Collected data ::
====

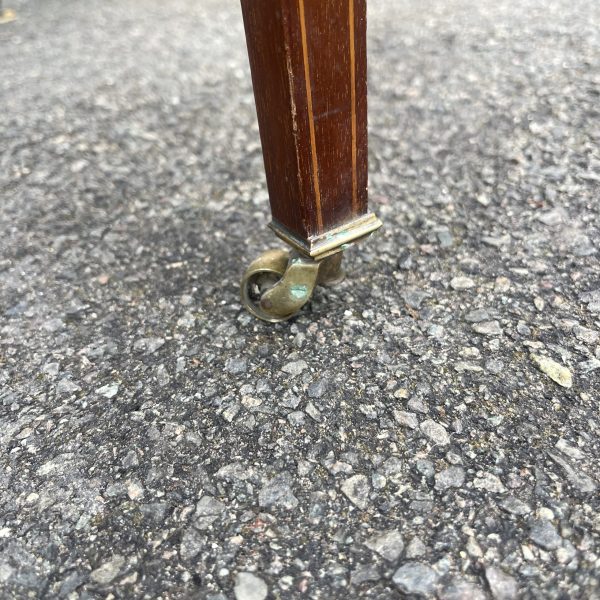 Lovely Antique Edwardian Style Drop Leaf Table - Image 6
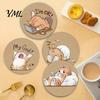 Tableware Accessories Wooden Cat Coasters, Decorative Heat Resistant Table Mats, Non-slip Cup Mats Insulation Coasters for Hot Drinks And Desk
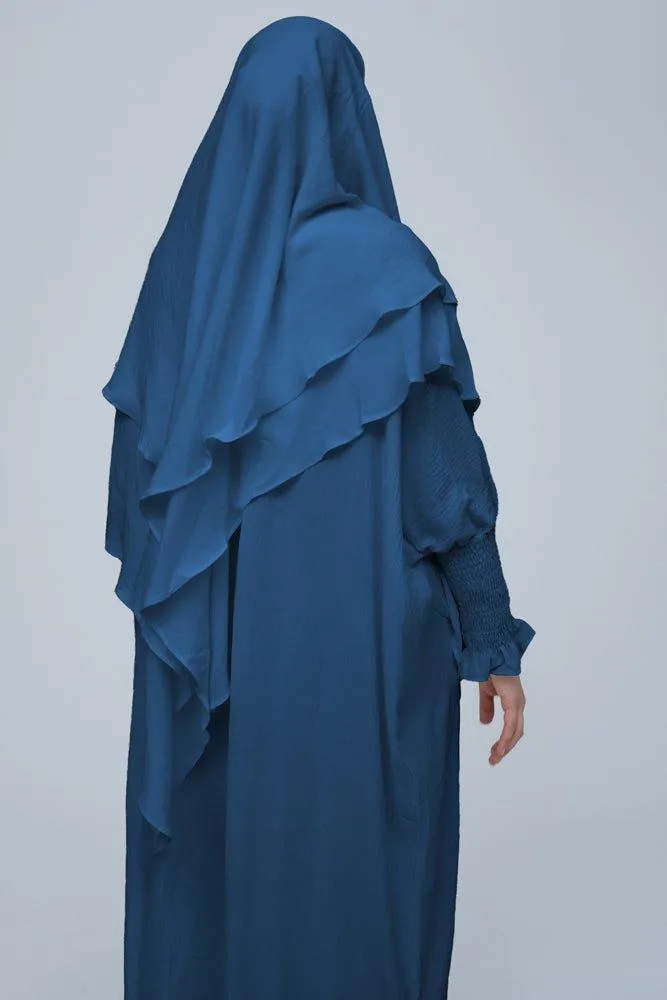 Blue Pristine prayer gown for Omrah or prayer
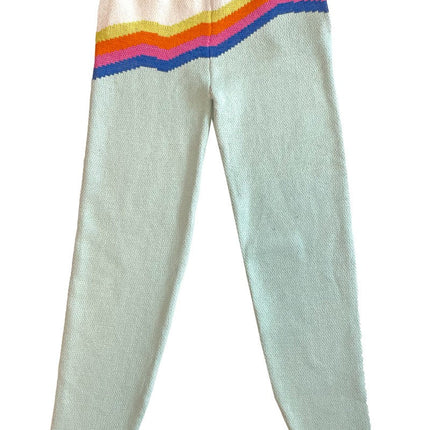 Retro stripe knit joggers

====

What to work on ::
Lines from the one holding "Tableware Accessories Wooden" to the end of the data, both ends included, are to be given again exactly; no pictures belong in the copy.

Written reply ::
 Tableware Accessories Wooden Cat Coasters, Decorative Heat Resistant Table Mats, Non-slip Cup Mats Insulation Coasters for Hot Drinks And Desk
 Blue Pristine prayer gown for Omrah or prayer
 Retro stripe knit joggers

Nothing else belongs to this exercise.